Apriori Algorithm On Car Rental Analysis With The Most Popular Brands
DOI:
10.33395/sinkron.v4i2.10506Keywords:
Apriori Algorithms, Analysis, BrandsAbstract
Nowadays, vehicle rental has become a common function for companies that have busy operational activities. Every company in carrying out operational activities requires a vehicle that is always there when needed. PT. Agung Solusi Trans is a vehicle rental company that rents various vehicle brands commonly used by customers to rent vehicles. In addition, PT. Agung Solusi Trans is also difficult to get updated information regarding the level of sales per period. Therefore, we need a decision support system and a method that can be used to design a business strategy that can provide an efficient and effective information, namely data mining using the a priori algorithm association method.
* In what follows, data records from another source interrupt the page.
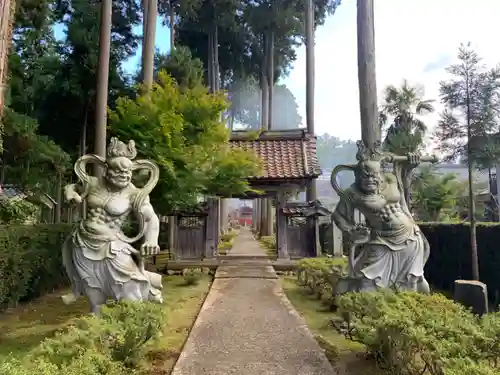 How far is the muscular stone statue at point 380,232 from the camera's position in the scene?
5121 millimetres

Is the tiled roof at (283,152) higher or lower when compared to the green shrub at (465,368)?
higher

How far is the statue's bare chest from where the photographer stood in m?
4.80

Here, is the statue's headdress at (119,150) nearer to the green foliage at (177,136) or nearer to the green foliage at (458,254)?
the green foliage at (177,136)

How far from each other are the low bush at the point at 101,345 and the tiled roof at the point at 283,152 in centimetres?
859

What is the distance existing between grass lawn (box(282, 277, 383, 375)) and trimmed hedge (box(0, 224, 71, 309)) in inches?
198

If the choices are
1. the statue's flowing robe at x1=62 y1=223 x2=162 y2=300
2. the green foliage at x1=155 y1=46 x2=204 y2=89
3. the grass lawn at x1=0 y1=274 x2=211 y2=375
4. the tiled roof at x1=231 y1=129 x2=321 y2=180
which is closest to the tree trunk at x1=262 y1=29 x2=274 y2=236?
the tiled roof at x1=231 y1=129 x2=321 y2=180

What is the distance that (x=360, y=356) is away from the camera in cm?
449

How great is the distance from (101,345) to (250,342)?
2.08 metres

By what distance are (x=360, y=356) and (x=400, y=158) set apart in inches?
104

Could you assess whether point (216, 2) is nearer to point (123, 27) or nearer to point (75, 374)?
point (123, 27)

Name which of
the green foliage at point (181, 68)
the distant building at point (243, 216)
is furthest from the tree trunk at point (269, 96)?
the distant building at point (243, 216)

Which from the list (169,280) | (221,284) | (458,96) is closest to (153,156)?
(221,284)

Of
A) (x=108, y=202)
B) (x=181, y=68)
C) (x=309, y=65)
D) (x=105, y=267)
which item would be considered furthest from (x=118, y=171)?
(x=309, y=65)

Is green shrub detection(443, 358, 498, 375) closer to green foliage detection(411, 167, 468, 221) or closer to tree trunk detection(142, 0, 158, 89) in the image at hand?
tree trunk detection(142, 0, 158, 89) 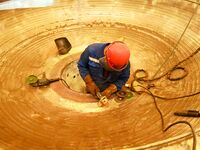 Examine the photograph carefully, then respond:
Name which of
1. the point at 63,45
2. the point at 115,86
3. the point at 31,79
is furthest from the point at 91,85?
the point at 63,45

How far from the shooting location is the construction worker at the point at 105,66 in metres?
2.80

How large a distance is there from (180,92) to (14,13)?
2315mm

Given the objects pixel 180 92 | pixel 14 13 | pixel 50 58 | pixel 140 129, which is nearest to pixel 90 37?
pixel 50 58

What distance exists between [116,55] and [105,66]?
173mm

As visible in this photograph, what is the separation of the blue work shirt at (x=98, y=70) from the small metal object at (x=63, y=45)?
748 millimetres

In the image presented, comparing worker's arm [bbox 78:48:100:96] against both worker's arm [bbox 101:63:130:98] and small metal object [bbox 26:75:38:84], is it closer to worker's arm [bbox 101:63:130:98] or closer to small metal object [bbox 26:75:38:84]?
worker's arm [bbox 101:63:130:98]

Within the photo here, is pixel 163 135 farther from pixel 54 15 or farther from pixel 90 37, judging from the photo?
pixel 54 15

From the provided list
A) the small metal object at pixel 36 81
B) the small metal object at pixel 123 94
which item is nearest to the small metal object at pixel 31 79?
the small metal object at pixel 36 81

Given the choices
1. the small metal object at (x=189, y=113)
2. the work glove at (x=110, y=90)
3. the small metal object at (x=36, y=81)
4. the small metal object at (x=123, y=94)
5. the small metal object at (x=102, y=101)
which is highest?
the small metal object at (x=36, y=81)

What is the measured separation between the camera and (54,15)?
4414 mm

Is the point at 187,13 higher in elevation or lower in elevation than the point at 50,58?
higher

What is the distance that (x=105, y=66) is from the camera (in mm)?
2887

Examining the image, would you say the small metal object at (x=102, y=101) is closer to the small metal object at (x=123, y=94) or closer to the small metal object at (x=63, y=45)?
the small metal object at (x=123, y=94)

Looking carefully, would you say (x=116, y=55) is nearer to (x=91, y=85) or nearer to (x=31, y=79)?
(x=91, y=85) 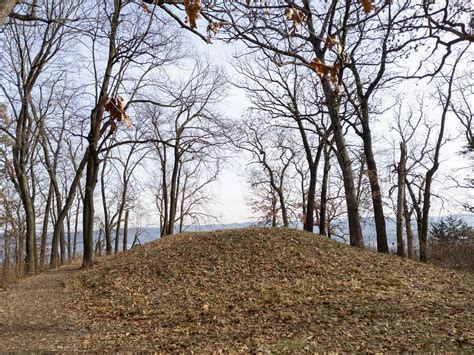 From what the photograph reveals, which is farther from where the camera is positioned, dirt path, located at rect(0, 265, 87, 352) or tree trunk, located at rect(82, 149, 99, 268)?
tree trunk, located at rect(82, 149, 99, 268)

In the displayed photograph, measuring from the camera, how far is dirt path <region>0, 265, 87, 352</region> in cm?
532

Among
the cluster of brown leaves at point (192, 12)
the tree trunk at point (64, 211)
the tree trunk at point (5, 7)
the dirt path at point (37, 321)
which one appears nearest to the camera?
the cluster of brown leaves at point (192, 12)

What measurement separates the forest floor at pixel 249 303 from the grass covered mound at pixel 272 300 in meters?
0.02

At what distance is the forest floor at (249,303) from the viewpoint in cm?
489

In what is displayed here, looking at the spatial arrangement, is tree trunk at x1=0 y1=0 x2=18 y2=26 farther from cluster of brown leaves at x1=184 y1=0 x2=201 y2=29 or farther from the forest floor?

The researcher specializes in taking only vehicle types as research material by selecting fifteen brands, including Agya, Yaris, Sienta, Calya, Avanza, Innova, Rush, Vios, Altis, Camry, Fortuner, Alphard, Hi Ace, Voxy, and Hilux. In analyzing the data, the writer uses a priori algorithm calculation by testing the hypothesis of two variables between the value of support and the value of confidence. After that, apriori algorithm is calculated using Tanagra. Based on the analysis done by the author, that the brands most sought after by customers are Calya, Avanza, Hilux. From these results can be used by PT. Agung Solusi Trans to prepare vehicle brands that are widely leased by customers and increase brand inventory.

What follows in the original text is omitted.